The holiday season portrays itself as a holly jolly good time starting in November with Thanksgiving and continuing through New Year’s Day. During this time, there are longer school breaks for children, more time off for adults, and planned gatherings. For many, it also provides an opportunity to visit and reconnect with the friends and family you wait all year to see. But, as adults, we know this time can be quite overwhelming. Between traveling, hosting holiday parties, and visiting extended family and friends, it can all be a bit much at times, especially for the youngest of our family members.

For those with children, take this time to consider your littles this holiday season, and the potential impact of the chaos that the holiday season tends to bring. For infants and toddlers, this time is filled with meeting people that are essentially strangers, being held, picked up, and in new and unfamiliar environments. For preschool aged children, the entire routine is disrupted. Not having to attend preschool with consistent drop off and pick up times, and probable shifts in the major daily routines surrounding mealtimes, naps, and play time. As for school aged children and adolescents, there are longer holiday breaks, potential schoolwork to complete over the holiday break, and again disruption in routine. Not to say that it’s all negative, but there are some considerations to keep in mind while navigating the holiday season with the children in your family.

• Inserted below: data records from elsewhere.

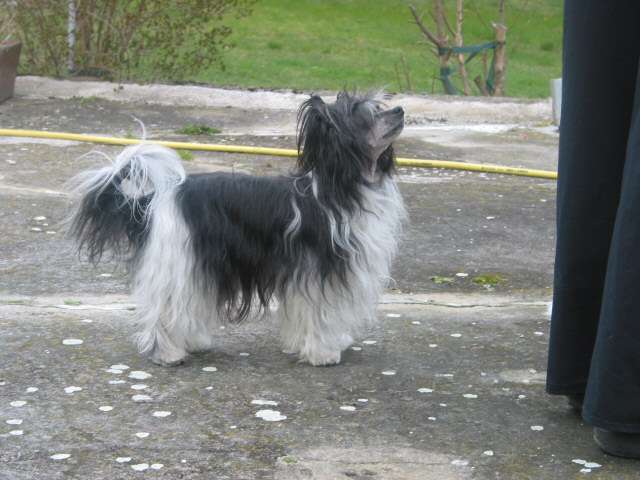 Dancing Wizard's Crazy Chilli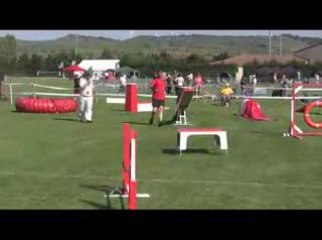 STGR Lezignan Union Agility1
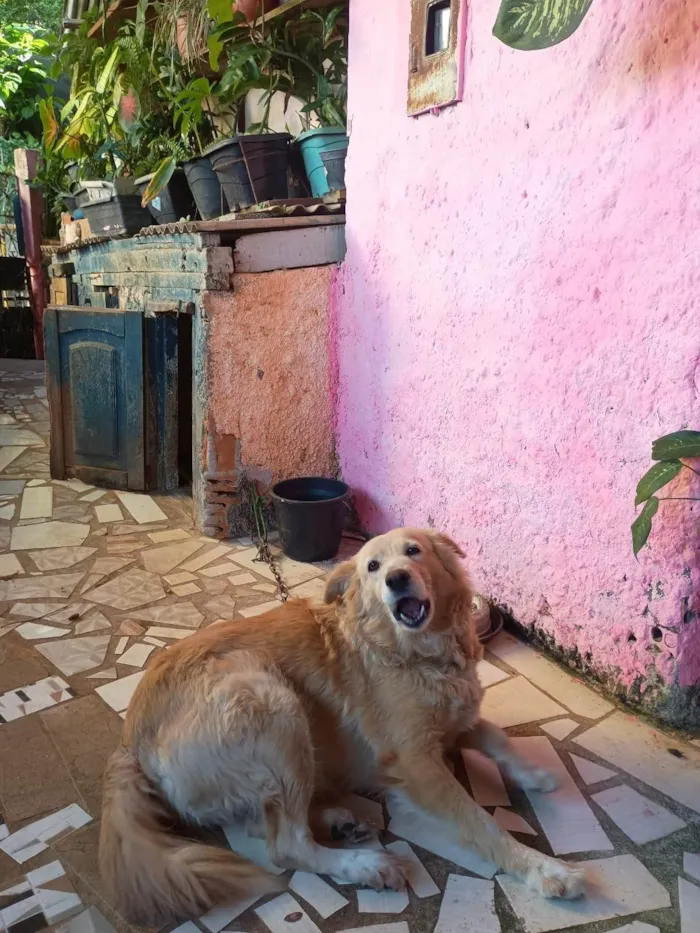Cachorro ra a Labrador idade 3 anos nome Safira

Some special considerations begin with setting clear boundaries and expectations for behavior. Set a calm example for your children as they can sense if you’re overwhelmed, so it is beneficial to remain calm, cool, and collected during this time (at least while in their presence). Set boundaries with family members as well, keeping your child’s comfort level with touch and affection in mind. Provide your child with an environment conducive to good behavior, avoid crowded places such as a mall or a holiday party when the child is tired or hungry. Allow time in your day for calm or relaxing activities such as reading a book, or drawing/coloring a holiday picture for a family member. Remember that their routine is being disrupted, so attempt to provide some normalcy resembling a typical day, and plan for calm and quiet activities the days following the holiday itself to help your child get back on track. Another great consideration is to monitor what your child is eating, try to limit their intake of extremely sugary holiday candies and snacks. Prepare healthier snacks for car rides and shopping trips.  Another great tip that is beneficial for the whole family: be active! Encourage play time and physical activity for your children to boost their mood and release some stress.  For parents of school age children and adolescents, get them involved with your daily tasks during the holiday season. Have them help with tasks that are safe to do so, as this can be a great way to boost their self-esteem and distract them from the holiday stress and anxiety. Having your teen help also provides you with an extra set of hands!

Remember that the holiday season can be stressful and anxiety-inducing for everyone, including our children. Take this time to connect with friends and family, while keeping your (and your children’s) sanity intact. Eat, drink, and be merry with those around you. Offer some grace and patience to your child (and yourself!) if they begin to show signs of overstimulation and overwhelm and have more difficulty regulating themselves. Happy Holidays!